Senza un Dio che ci salvi. Cosa succede a un occidente senza guida
Qualcuno che ci guidi, questo è il problema. Bruxelles è il simbolo di un mondo istituzionale non guidato e che non guida i popoli. Qualcuno non è un tizio, è una classe dirigente. Una classe dirigente non è un insieme di élite che si dividono, danno la caccia al vantaggio di posizione sul discrimine destra-sinistra, si vergognano del passato storico dell’occidente; non è una teoria di soggetti che confondono la laicità e il pluralismo dei costumi e dei culti con l’autorizzazione alla pratica di una società chiusa, comunitaristica, multiculturale nel senso di Molenbeek e del Londonistan. Blair ha detto parole interessanti e di peso nell’intervista di ieri a Paolo Valentino del Corriere.
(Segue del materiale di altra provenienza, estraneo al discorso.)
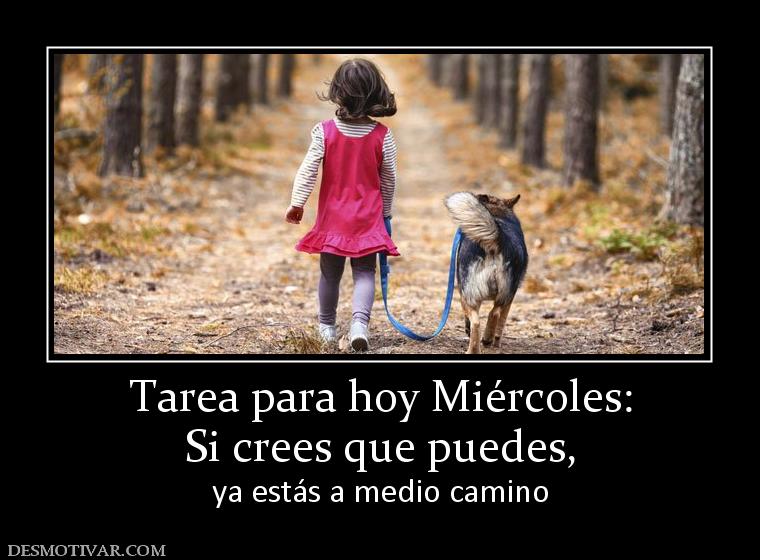 Tarea para hoy Miércoles: Si crees que puedes, ya estás a medio camino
Ma tutti sentiamo che la funzione del discorso è in esaurimento, che l’attacco al caffè, alla metropolitana, all’aeroporto, allo stadio, al concerto e i sassi tirati nei quartieri perduti alle polizie che danno la caccia agli assassini, tutto questo asciuga pericolosamente l’efficacia della parola democratica, della divisione del lavoro tra cittadini ed esperti, dell’informazione e della comunicazione.
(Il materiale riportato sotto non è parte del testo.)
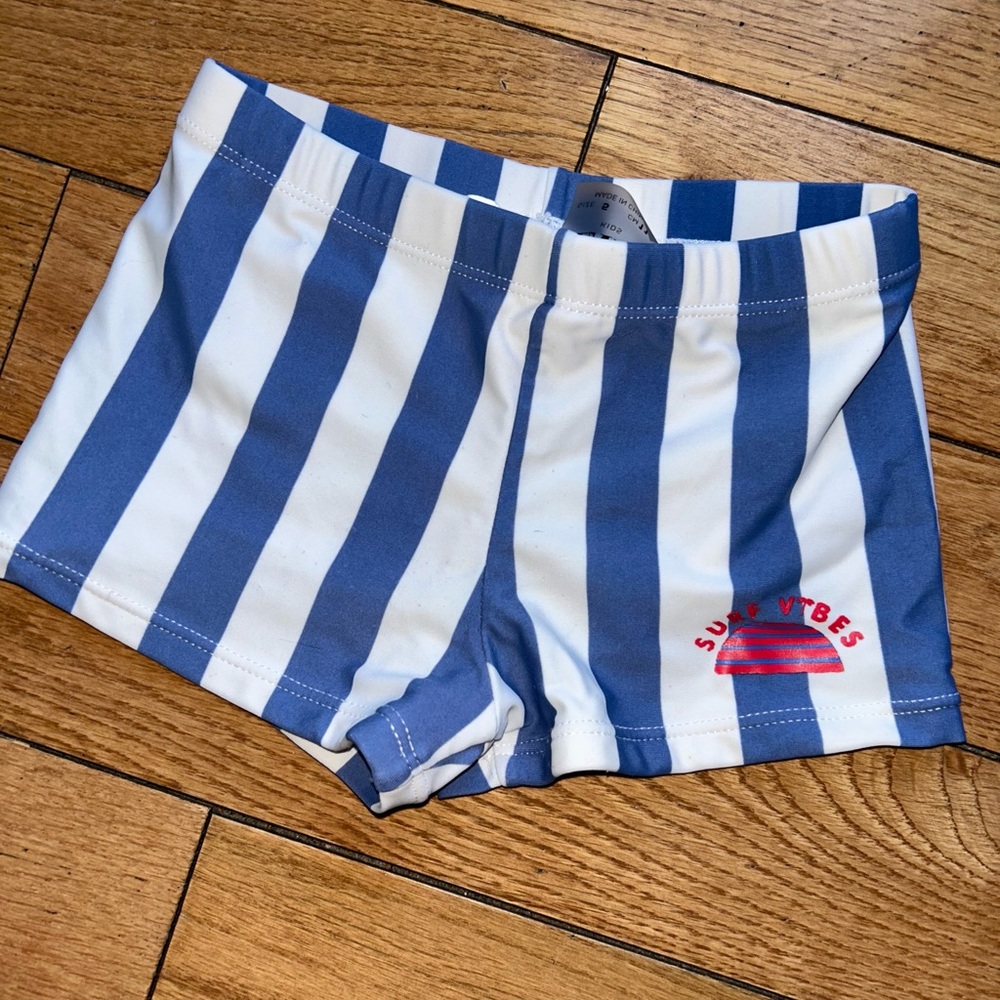 Zara Kids *Blue and White Striped Kids Swim Trunks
Tutti sentiamo che quindici anni dopo l’11 settembre del 2001 e al cospetto di incandescenti guerre civili, di scontri infraislamici, di guerriglie jihadiste in occidente, di esodi biblici incontrollati, loro sono il moto di spinta di un fenomeno che alligna potenzialmente ovunque in nome di un Dio che è massimo, noi siamo quelli divisi abbarbicati al mito del mondo senza frontiere come i profughi alle frontiere, siamo quelli senza una vera guida e senza un Dio che ci salvi, quelli che si rimpallano le responsabilità tra loro, quelli che non sanno che cosa fare della loro potenza economica militare tecnologica, delle loro regole tolleranti, non sanno come spegnere i focolai, come bonificare e riorganizzare il potere nel mondo islamico in rivolta e in risveglio, e combattono una crisi deflazionaria mentre subiscono una guerra mondiale che destabilizza e sottomette.
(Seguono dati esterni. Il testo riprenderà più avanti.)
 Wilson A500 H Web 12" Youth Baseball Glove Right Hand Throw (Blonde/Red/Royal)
Non è casuale che il più grande attentato, il bombardamento del World Trade Center a New York, sia caduto dal cielo come un’offesa devastante alla libertà dei mercati e delle economie cosiddette aperte. Non è casuale che la risorgenza di guerra si sia fissata su un territorio che è insieme un mito facitore di storia e di credenza, quello del Califfato che taglia teste e riarma i guerrieri delle abluzioni rituali e della schiavitù delle donne e della persecuzione degli eretici e degli apostati, che è a suo modo un abbattimento delle frontiere, una universalizzazione della sharia, mercato mondiale del dio del terrore; mentre prende colpi con abdicazione e sentimentalismo misericordioso e taumaturgico per le masse la potenza universalizzante della cristianità e della cattolicità. Il dio degli eserciti e quello dei mercati non parlano la stessa lingua, sono un sì sì, no no.
Il punto è che non abbiamo bisogno di analisi, di lacrime, di fiori, di santuari della memoria. Abbiamo bisogno di ordini, che poi vuol dire indicazioni civili, non militarizzazione delle società. Vuol dire uno scopo chiaro, un criterio che coinvolga tutti nella rimessa a punto di un meccanismo storico, quello dell’ordine mondiale, che si è inceppato e che rischia di crepare nelle sue giunture fondamentali, in un tripudio di demagogia arrembante e senza guida politica. C’è qualcuno, una classe dirigente che abbia voce in capitolo nel mondo e nel nostro mondo, che sia in grado di farci sentire non la ripugnanza per la cultura e la fede che hanno concimato la nostra civilizzazione, l’ansia di non concedere mai più al nemico il nostro odio, ma l’orgoglio sopranazionale, imperiale, di un’umanità che non vuole lasciarsi ferire dalla paura e sottomettere dalla brutalità selvaggia di un revival superstizioso? Quando il discorso pubblico si estenua e perde significato, prima che nasca una reazione iperbolica e inadeguata, fatta di rifiuto e di rancore impotenti, è necessario che qualcuno, inteso come una classe dirigente responsabile, sia in grado di cambiare l’ordine del discorso. Ordini, non analisi.